To celebrate the 100th edition of our Construction Buzz Newsletter, we’ve delved into the archives to bring you some of the most influential construction projects from the last 100 years, exactly as they were reported at the time.
Over sixty years ago, scientists at Bell Labs in New Jersey announced that the world finally had an efficient way to turn sunlight into electricity. On April 25, 1954, Daryl Chapin, electrical engineer, Gerald Pearson, physicist, and chemist Calvin Fuller demonstrated their invention, the first practical solar cell.
TIME Magazine, 3 May 1954
Turning the sun's energy directly into electricity has long been a goal of scientists. In Washington last week, the Bell Telephone Laboratories demonstrated a solar battery which can convert sunlight into usable electric current without costly intermediate steps. The Bell Solar Battery resembles a miniature xylophone. It is made of wafer-thin strips of specially treated silicon, linked in series. Silicon is a semiconductor, i.e., under certain conditions it can be made to carry electricity. The silicon in the battery is first grown in pure crystals, cut into strips, and then impregnated to a depth of only one ten-thousandth of an inch with minor impurities. The top surface is treated with boron, whose atom has one less electron in its outer shell than silicon has; the bottom layer is treated with arsenic, whose atom has one more electron in its outer shell than silicon has.
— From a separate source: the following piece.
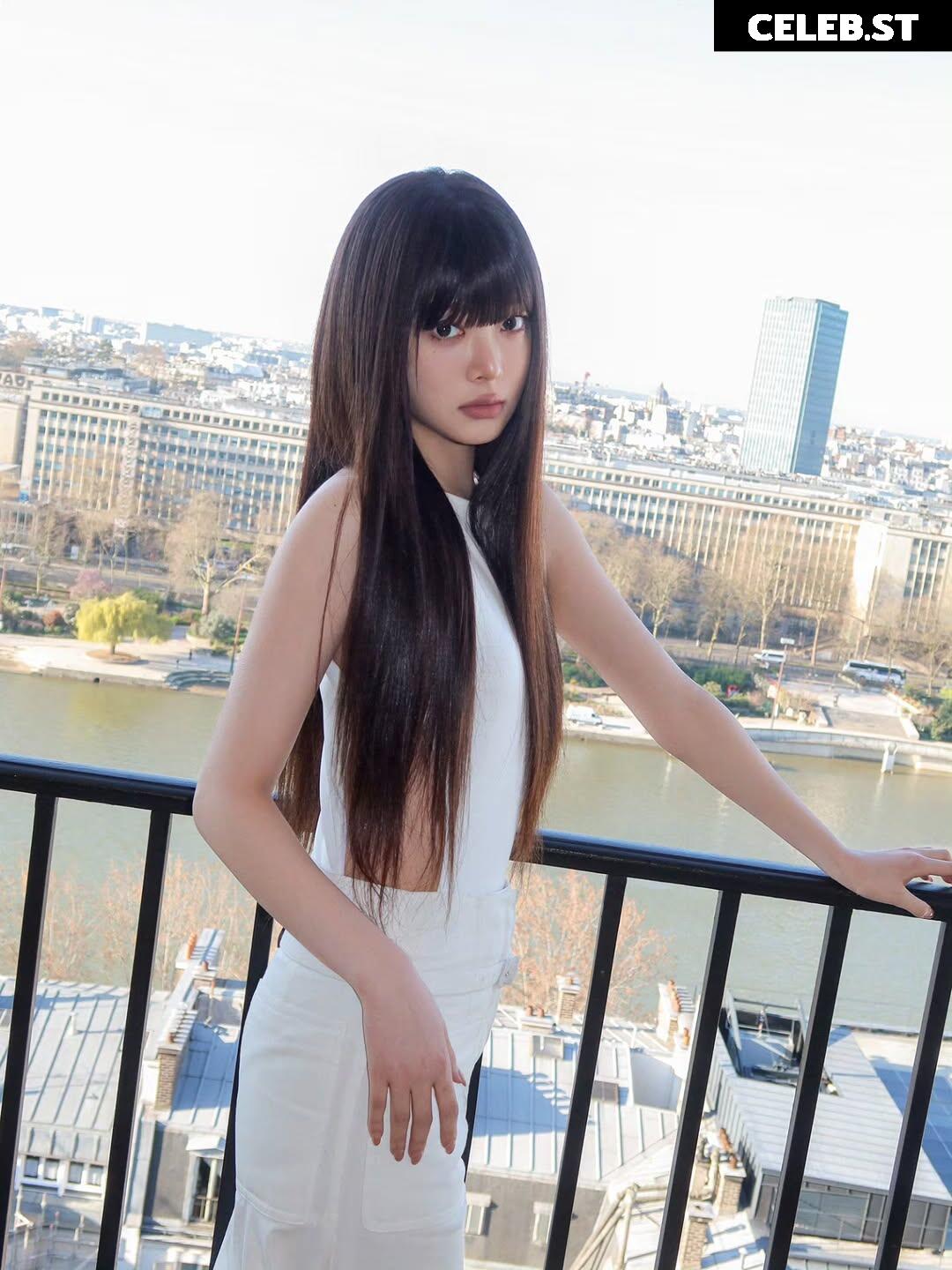 Hong Eunchae 홍은채 | LESSERAFIM Image 23553065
When light strikes near the junction of the two layers, it pushes electrons to the bottom surface, pulls "holes" (electronless gaps) to the top surface, creating a difference in voltage. The current formed is channelled off through wires. The battery is far more efficient than other photoelectric devices (e.g., the cells used in light meters), produces enough electricity—50 watts per square yard of exposed surface—to power small radio transmitters, record players, etc.